Reiterating his earlier comments that the overall economic conditions are stable, Premier Li said at a cabinet meeting on Wednesday that development of urban slum areas would generate new growth opportunities for the economy.

"But the implementation of Likonomics could point to further downside risks for both economic growth and asset prices," the Barclays economists warned.

The current tight credit conditions could represent good timing for the government to allow private investment into the financial sector, Zhou Dewen, vice president of the China Association of Small and Medium Enterprises, told the Global Times late Wednesday.

But, "we have yet to see any actual progress," Zhou said.

There are a total of 27 banks operating in Wenzhou, but the number is dwarfed by the more than 400,000 enterprises in the local market, said Zhou, who is also director of the Wenzhou Council for the Promotion of Small and Medium-sized Enterprises.

He expressed concern that the current credit squeeze could hurt the private sector.

"The new leadership has fully demonstrated its determination in pushing forward the reform, but now the question is how it can strike a balance between deepening reforms and avoiding systemic risks," Zhou said.


If the cash crunch continues for a long period of time, the property sector will certainly take a hit. Cash-thirsty property developers that cannot find financing will be incapable of continuing land purchases, and the market supply may consequently deteriorate. Home prices will soar as a result.

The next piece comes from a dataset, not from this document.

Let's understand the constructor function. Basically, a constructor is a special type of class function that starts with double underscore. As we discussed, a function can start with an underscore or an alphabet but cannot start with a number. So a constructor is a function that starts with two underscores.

Ren Zhiqiang, chairman of Hua Yuan Real Estate Group.

The central bank is now facing a dilemma over whether to inject liquidity or not. To stabilize liquidity and control monetary aggregates may exacerbate the cash squeeze problem and threaten economic stability, while an injection of liquidity into the market could impact the credibility of the government, which has stood by a prudent monetary policy stance.

Li Zuojun, a deputy director at the Development Research Center of the State Council.